• **SUPPLIED INFORMATION**:
_ _ _ _ _

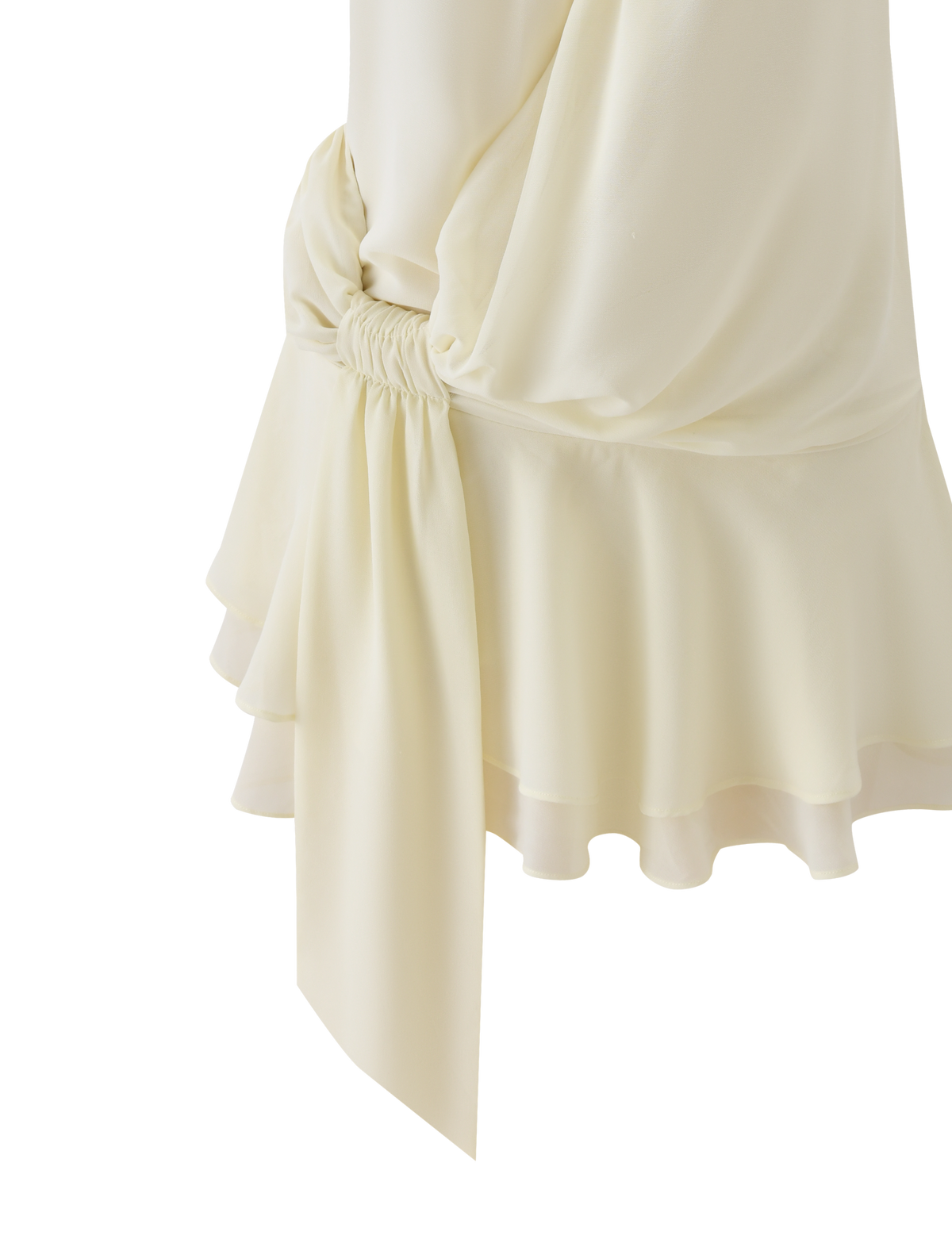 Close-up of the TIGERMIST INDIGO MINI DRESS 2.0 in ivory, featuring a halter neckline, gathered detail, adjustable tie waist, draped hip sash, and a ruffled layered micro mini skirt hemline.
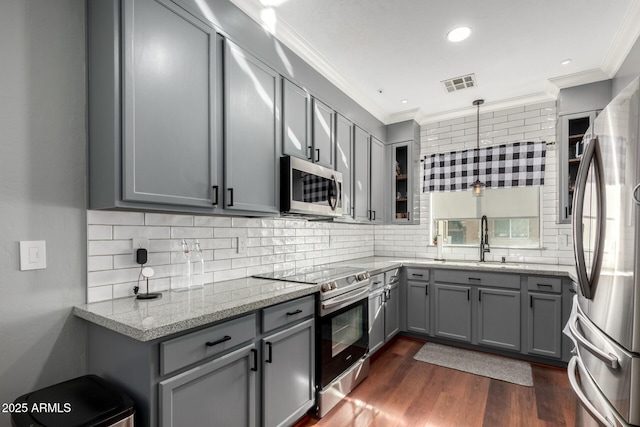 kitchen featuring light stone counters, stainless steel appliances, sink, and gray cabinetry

_ _ _ _ _

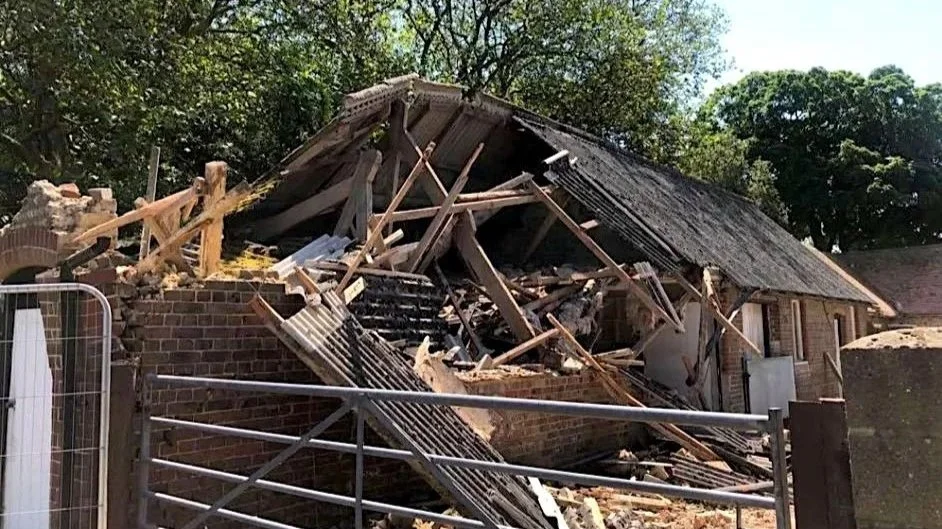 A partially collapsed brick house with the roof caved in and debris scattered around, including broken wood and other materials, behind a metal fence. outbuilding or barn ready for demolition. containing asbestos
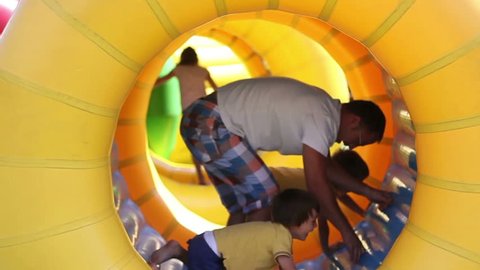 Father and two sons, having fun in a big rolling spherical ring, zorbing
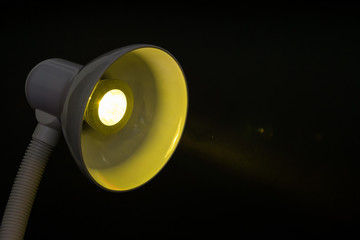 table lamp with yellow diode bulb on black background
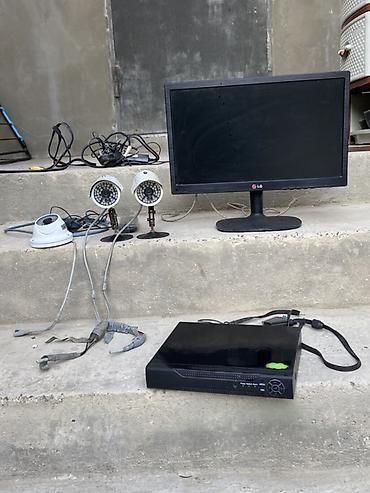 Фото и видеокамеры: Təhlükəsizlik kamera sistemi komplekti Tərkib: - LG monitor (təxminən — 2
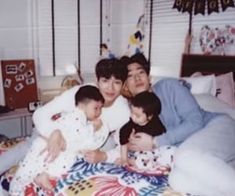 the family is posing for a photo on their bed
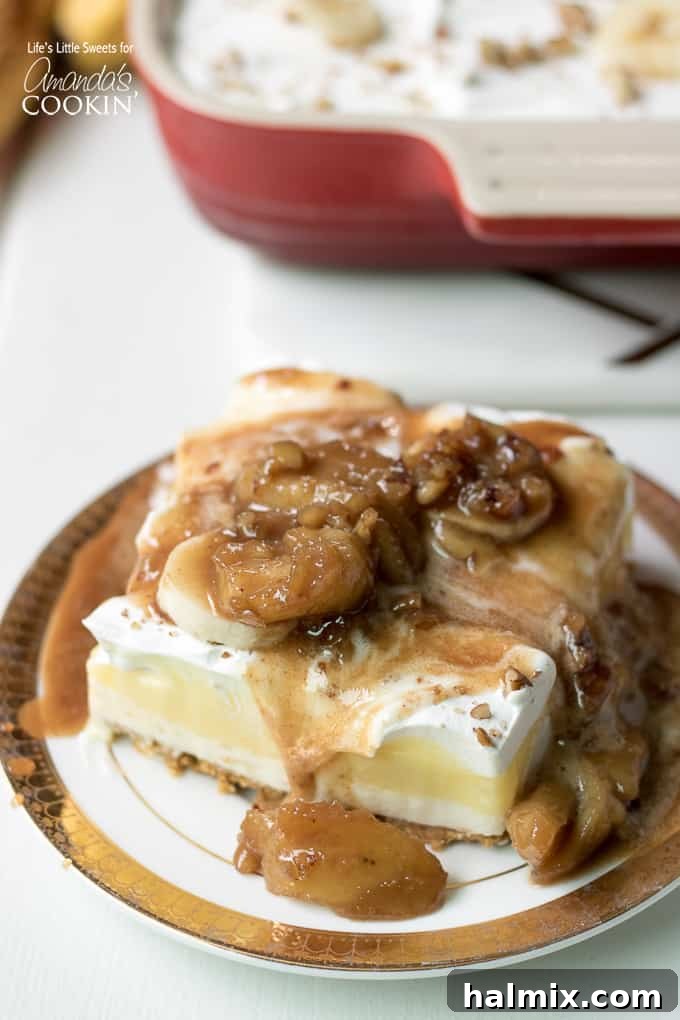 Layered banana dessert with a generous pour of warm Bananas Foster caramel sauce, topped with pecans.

_ _ _ _ _

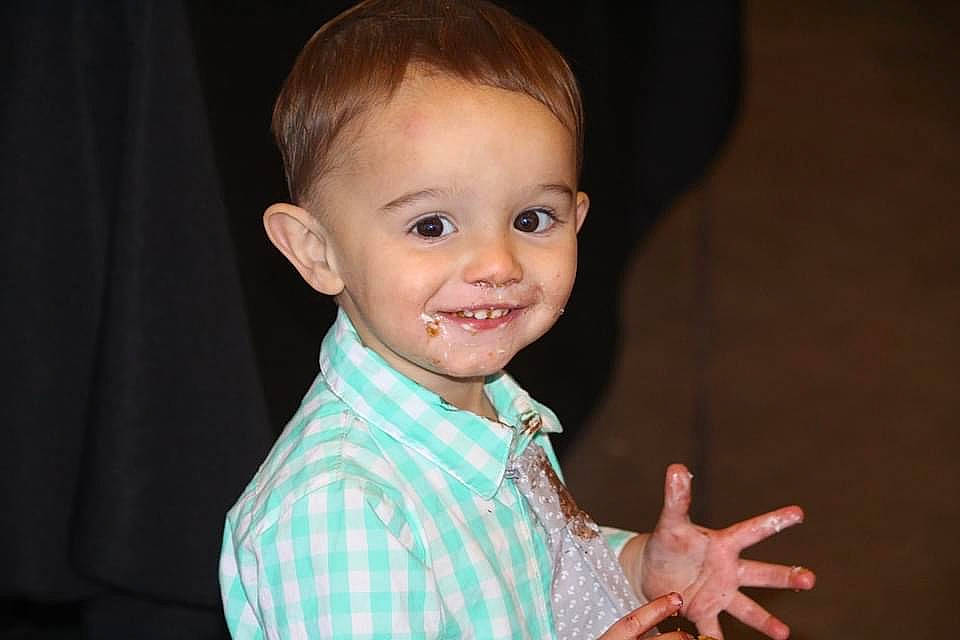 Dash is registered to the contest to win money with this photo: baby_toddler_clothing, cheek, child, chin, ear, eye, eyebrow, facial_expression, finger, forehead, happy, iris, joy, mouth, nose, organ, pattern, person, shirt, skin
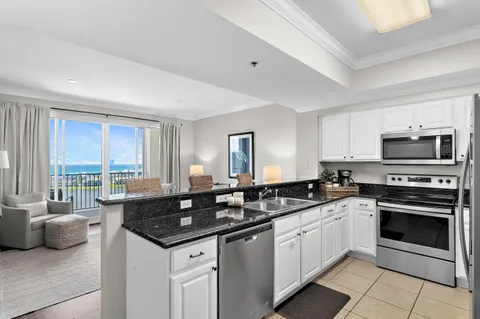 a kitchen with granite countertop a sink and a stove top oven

_ _ _ _ _

• **ASSIGNMENT**:
Within the entries above, give again exactly the lines starting at the one that contains "A partially collapsed" and ending at the one that contains "Layered banana dessert", leaving out the pictures.

• **REPLY**:
 A partially collapsed brick house with the roof caved in and debris scattered around, including broken wood and other materials, behind a metal fence. outbuilding or barn ready for demolition. containing asbestos
 Father and two sons, having fun in a big rolling spherical ring, zorbing
 table lamp with yellow diode bulb on black background
 Фото и видеокамеры: Təhlükəsizlik kamera sistemi komplekti Tərkib: - LG monitor (təxminən — 2
 the family is posing for a photo on their bed
 Layered banana dessert with a generous pour of warm Bananas Foster caramel sauce, topped with pecans.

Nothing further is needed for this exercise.